What do you do for fun?
For fun, I hang out with my three-year-old son. I just bought him a microphone, to facilitate his burgeoning stand-up comedy career. His latest joke is “Why did the chicken cross the road? To get into an airplane.” My wife is an assistant professor of cardiology at Yale, and of course the best thing is when she has time to hang out with us as well. She is definitely the best thing about me, as my son will immediately tell you.
What person, living or dead, would you like to spend a day with?

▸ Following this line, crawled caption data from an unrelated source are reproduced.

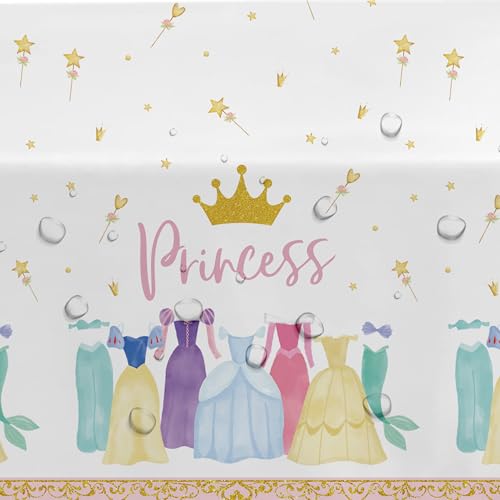 Princess Birthday Party Disposable Tablecloths, 3 Pack, 55 x 86 Inches
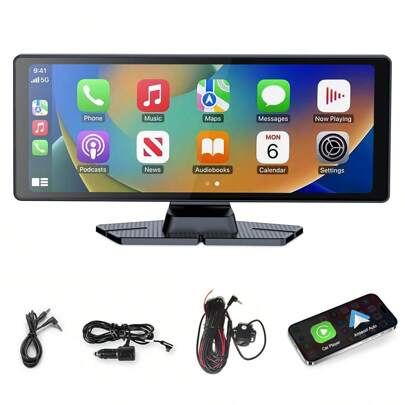 BDQ Portable Newest Wireless Apple CarPlay And Android Auto Screen For Car, 10.26" HD Touch Screen Car Stereo With Mirror Link, Bluetooth 5.2, Backup Camera, AUX,FM Transmitter For All Vehicles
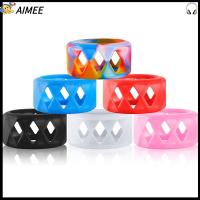 AIMEE 25 x 17 mm สีสัน หลอด แก้ว แหวนซิลิโคน แขนป้องกัน แถบกันลื่น แหวนกันลื่น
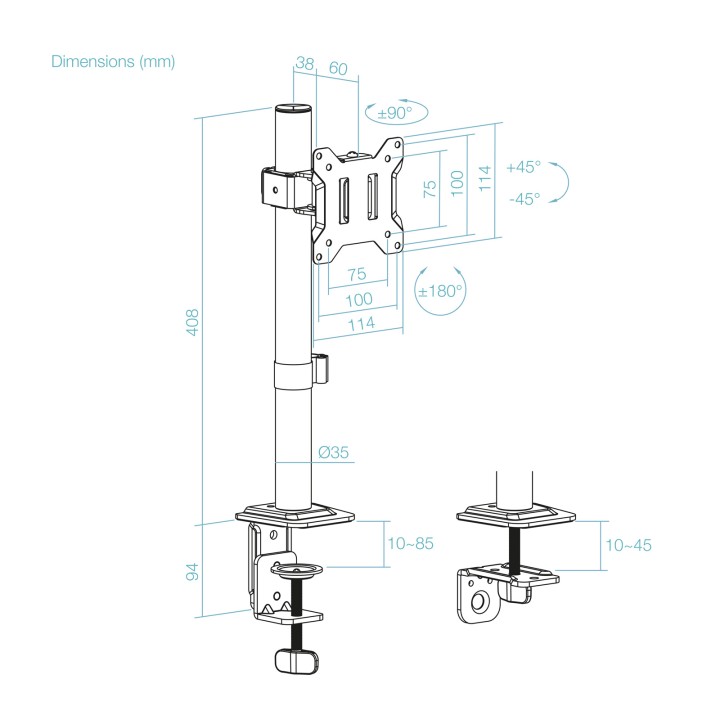 Soporte Mesa TooQ 17"-32" Gira/Inclina (DB1130TN-B)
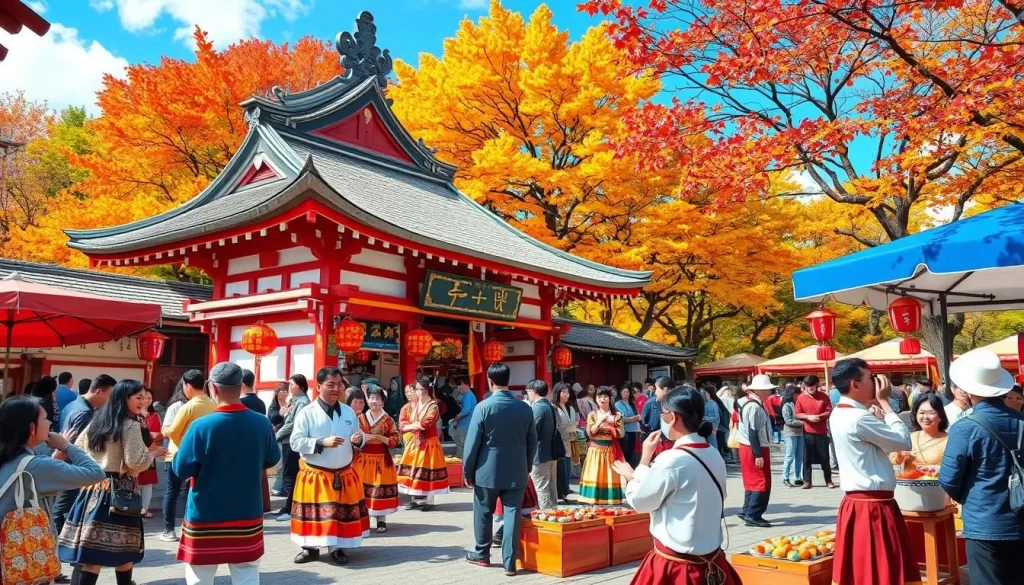 Generate an image of a vibrant autumn festival in Kumamoto, Japan, with people participating in traditional dances and enjoying seasonal foods.
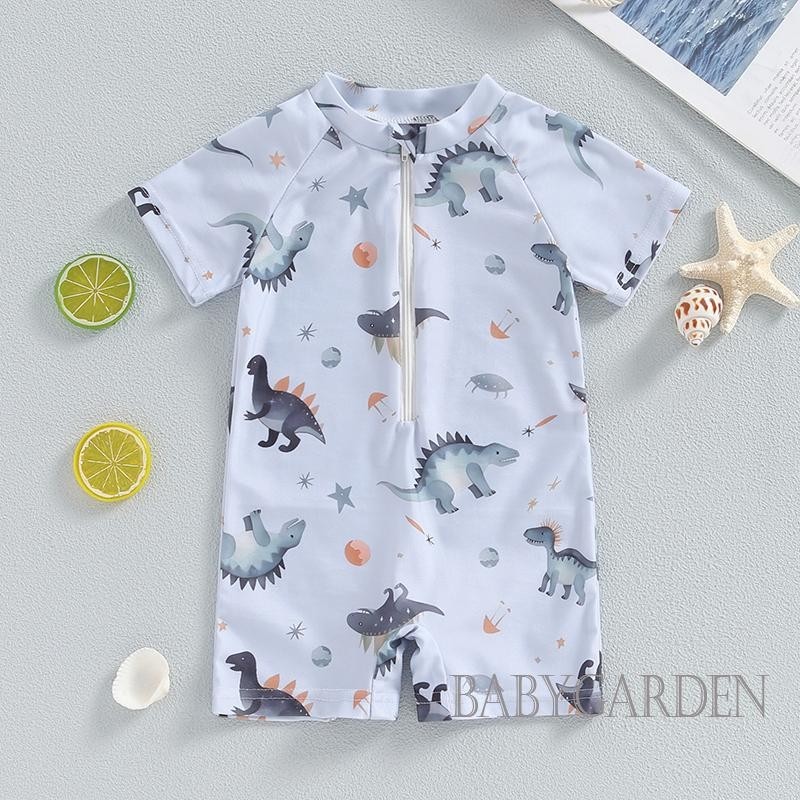 Baga-3 tuổi Đồ bơi khủng long cho bé trai cổ tròn nửa khóa kéo lên tay ngắn Rash Guard Đồ bơi Bộ đồ tắm cho trẻ sơ sinh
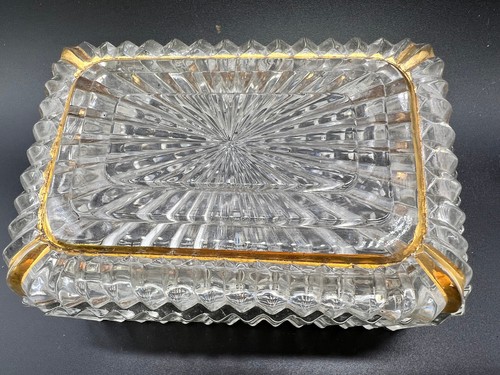 Caja de baratijas plato caramelo 1950 borde diente de sierra corte vidrio transparente tapa dorada 5 X 3" - Imagen 8 de 9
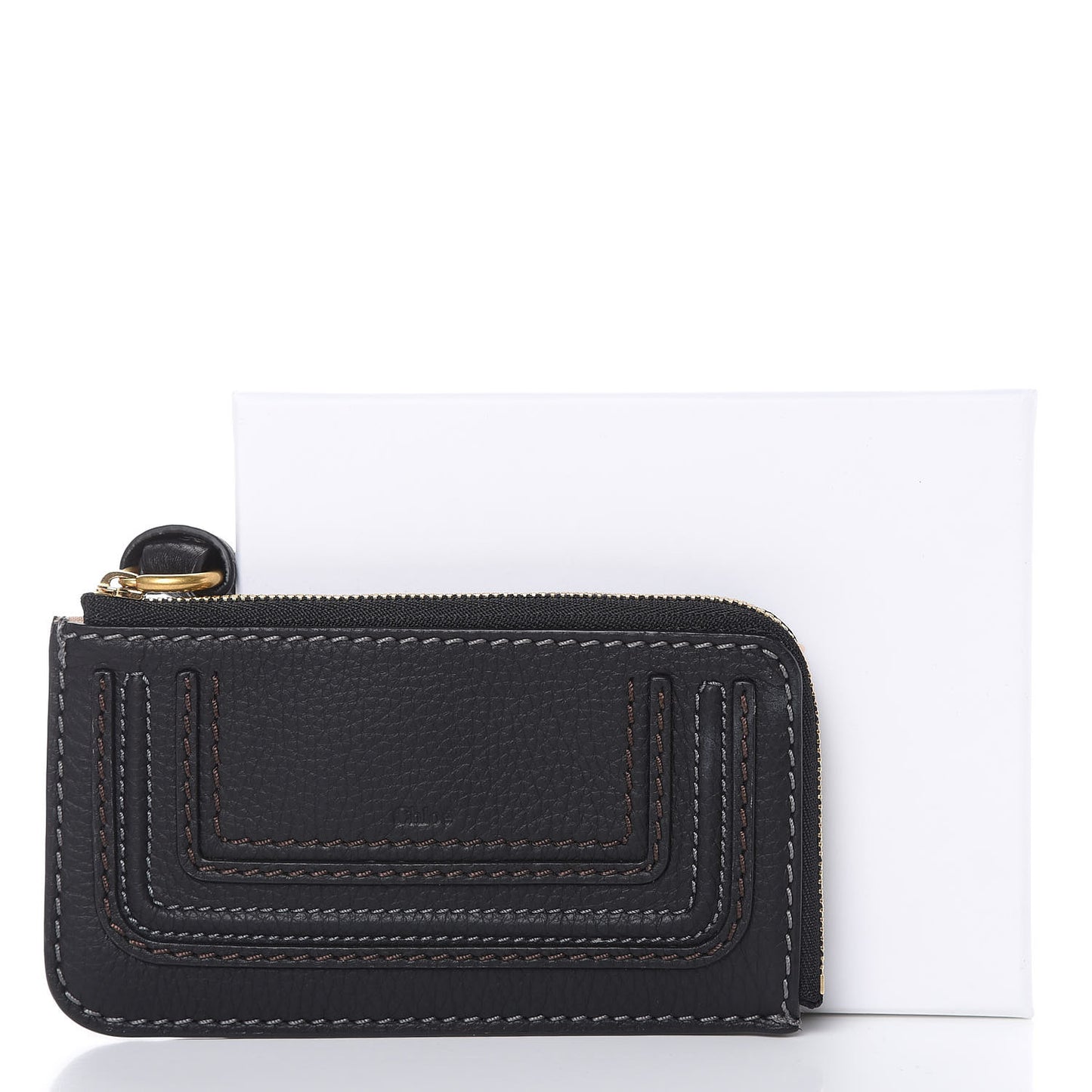 Grained Calfskin Medium Marcie Zip Card Holder Black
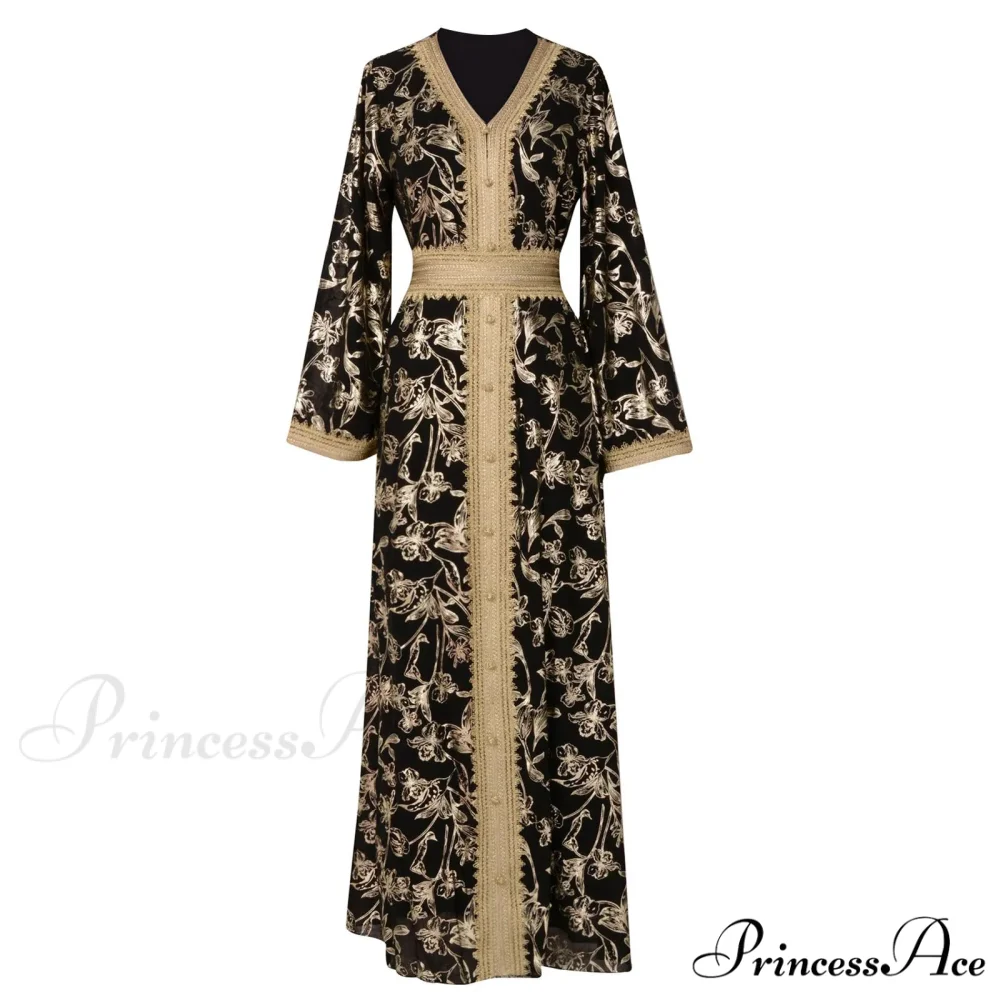 Sweet Black Ruched Chiffon Trumpet-Sleeve Long Princess Vintage Party Dress - Image 6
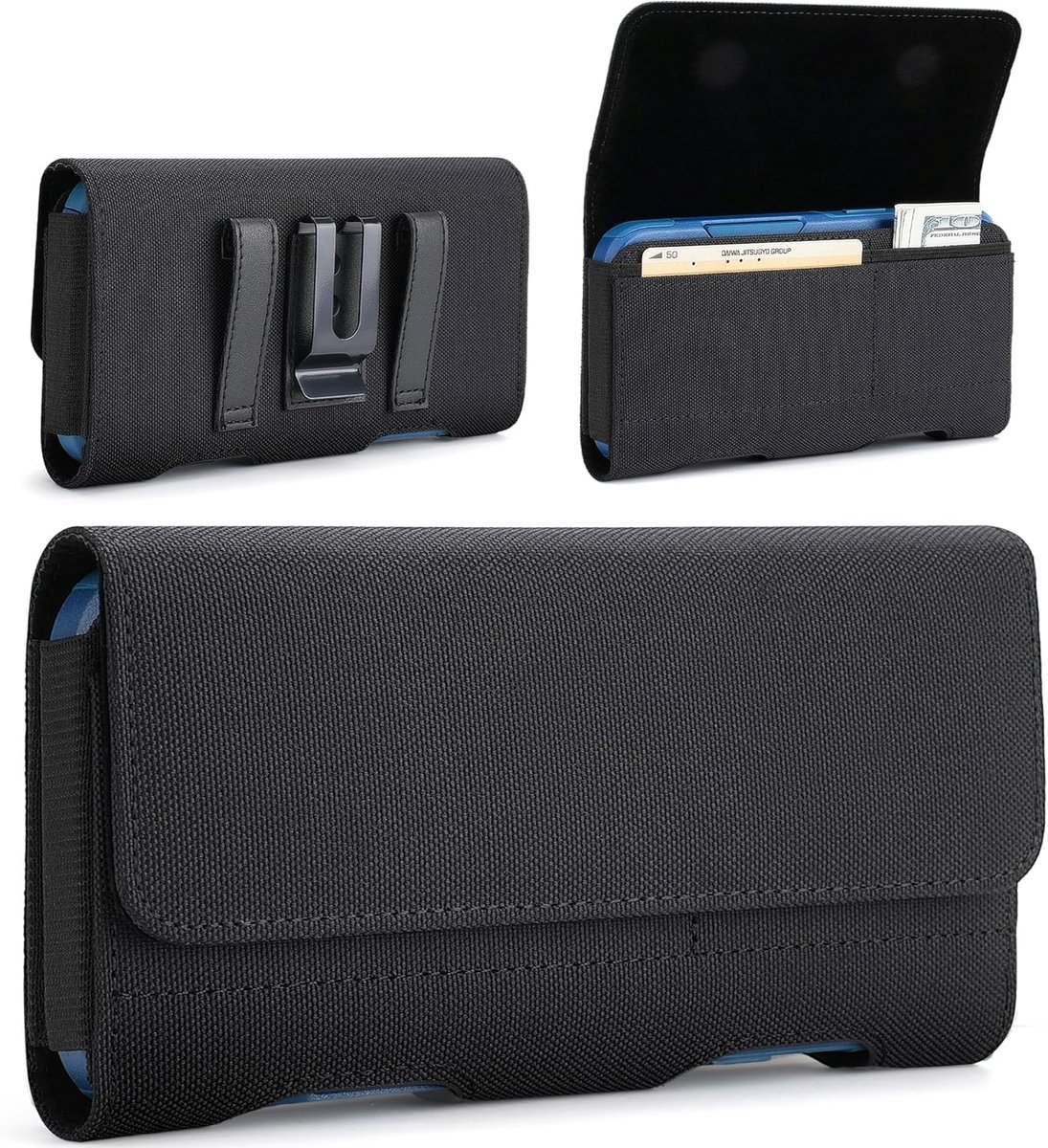 SnelShoppen - Phone Holster Nylon Pouch met Belt Clip voor iPhone 17 16 15 14 13 Pro, Galaxy S24 S23 S22 S21 S20, Flap Pouch, Telefoon Strap Houder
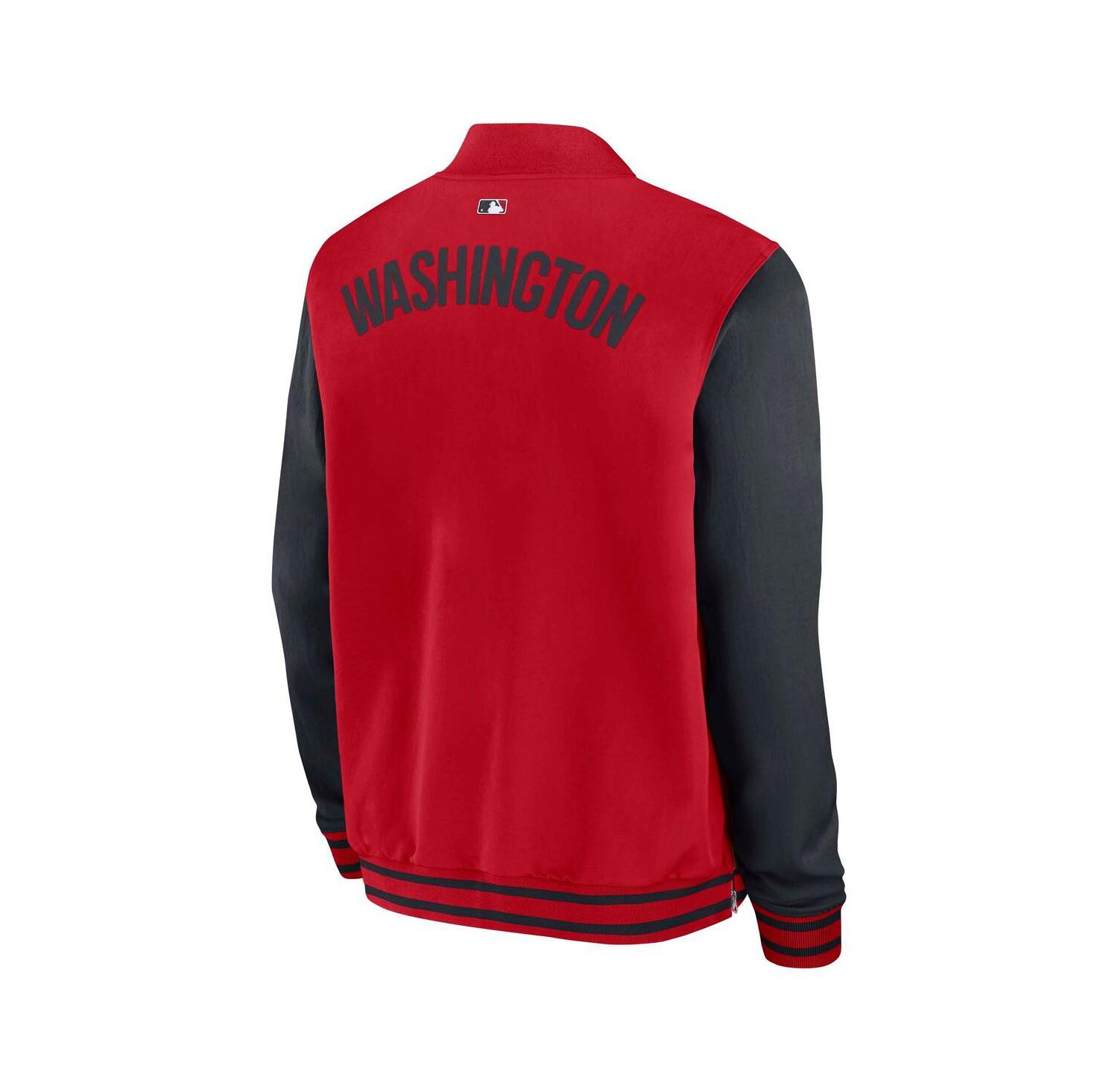 Men's Red/Navy Washington Nationals Authentic Collection Dugout Full-Zip Bomber Jacket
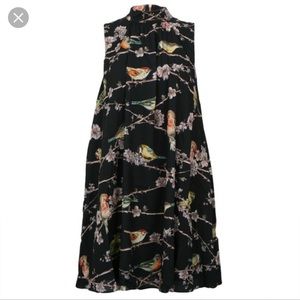 Ted Baker black bird print shift dress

Like many philosophers, the person I’d most like to spend a day with is Plato. (I prefer him to Socrates, since I have always put great premium on the capacity to publish). But of people who have lived in the last 200 years, I guess it would be W.E.B. Du Bois. The physicists took from philosophers the best parts of metaphysics; the sociologists took from philosophers the best parts of social and political philosophy. Du Bois marries the best qualities of a great historian with the theoretical vision and scope of the greatest social and political philosophers. I’d probably be a bit tongue-tied talking to either Plato or Du Bois though (for some reason I’m now very worried about that, and wondering whether it should affect my choice).
What are you reading for pleasure?
For pleasure, I read exactly the things I read for my research. My writing and my teaching is guided by what I read for pleasure.